Early childhood education “is so important because it lays the foundation for all of life,” Savel explained.

Savel said that the children of the Q'ewar workshop who started as infants are now reaching the ages of needing higher education.

She returned from Peru with several goals.

The first is to find people to adopt all the dolls she brought back, and that goal is nearly complete.

Another goal? Savel said that she took many hours of video of her experience at the workshop, and that she is interested in putting together a short film with someone who would also be interested in creating one about the topic.
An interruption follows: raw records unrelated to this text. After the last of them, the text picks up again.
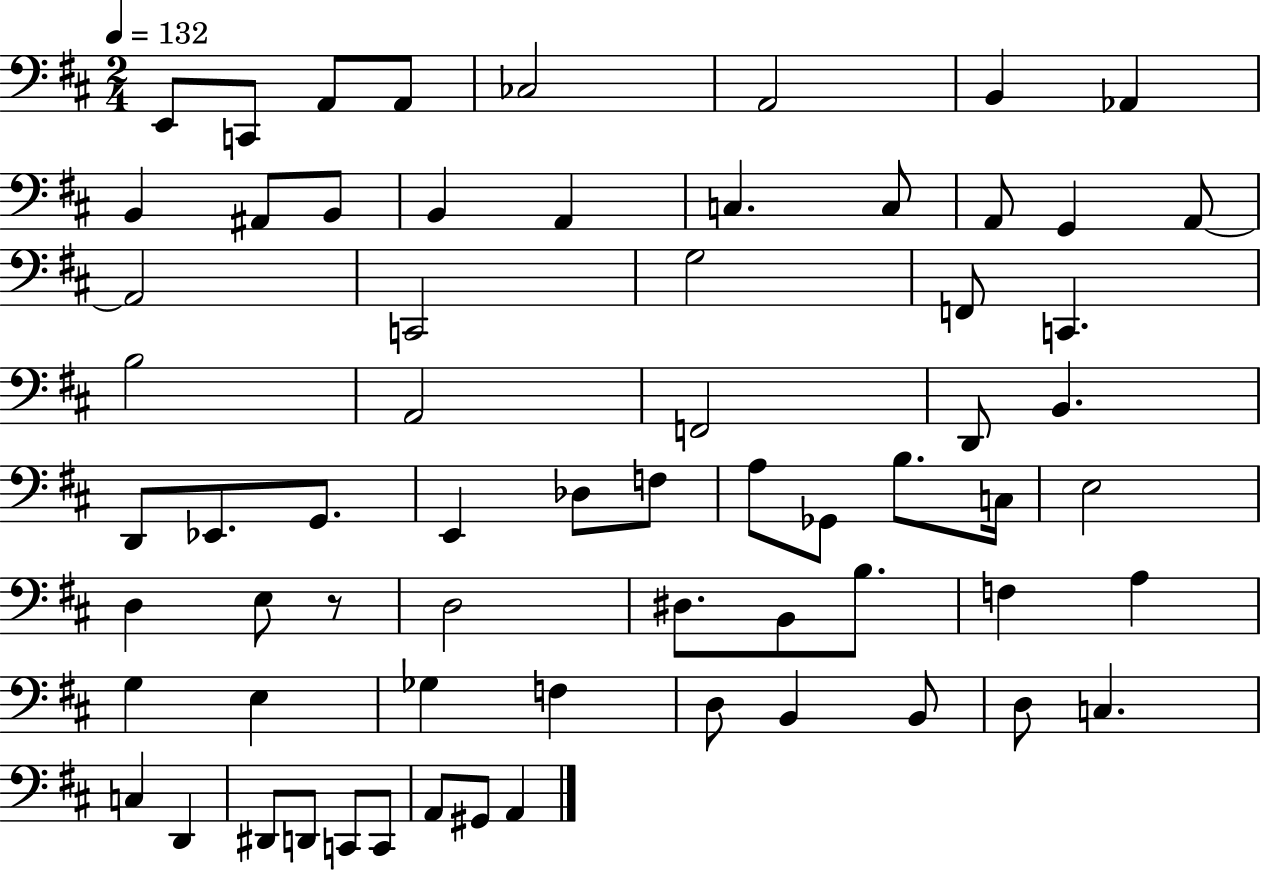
{
  \clef bass
  \numericTimeSignature
  \time 2/4
  \key d \major
  \tempo 4 = 132
  \repeat volta 2 { e,8 c,8 a,8 a,8 | ces2 | a,2 | b,4 aes,4 | \break b,4 ais,8 b,8 | b,4 a,4 | c4. c8 | a,8 g,4 a,8~~ | \break a,2 | c,2 | g2 | f,8 c,4. | \break b2 | a,2 | f,2 | d,8 b,4. | \break d,8 ees,8. g,8. | e,4 des8 f8 | a8 ges,8 b8. c16 | e2 | \break d4 e8 r8 | d2 | dis8. b,8 b8. | f4 a4 | \break g4 e4 | ges4 f4 | d8 b,4 b,8 | d8 c4. | \break c4 d,4 | dis,8 d,8 c,8 c,8 | a,8 gis,8 a,4 | } \bar "|."
}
Savel said that all these tasks - meeting the doll makers, getting the dolls themselves out into the world, traveling to Peru and other communities, coming back to Westminster, and connecting with people who want to adopt the dolls and learn more about the project - are concrete examples of how neighbors can connect with neighbors, in the same way that the doll-making women of the Q'ewar Social Project connect with and support one another.

A third goal is to raise money for a wheelchair and crutches for one woman, Jesusa, whom she met at her home outside of Q'ewar.

In describing this goal, Savel displays a photograph of Jesusa, sitting in bed with her blind father on a chair beside her, in a one-room, earthen-floor adobe house.

Jesusa's face hardly betrays her 31 years, or that, during a festival last year, a drunken woman fell on her and broke her leg.

When a doctor examined Jesusa, her bones were very porous and contained tumors. She has since been bedridden in her house, under the care of her blind father.

Savel said that Jesusa does work for the workshop cleaning wool from her bed, so she does receive an income - the only one in the family.

“But the project is interested in providing her with a wheelchair so she can be socializing with her friends,” Savel said.

“The women could bring her and take her back in her wheelchair, and it would change her circumstance,” she said. “That is the importance of this project for her.”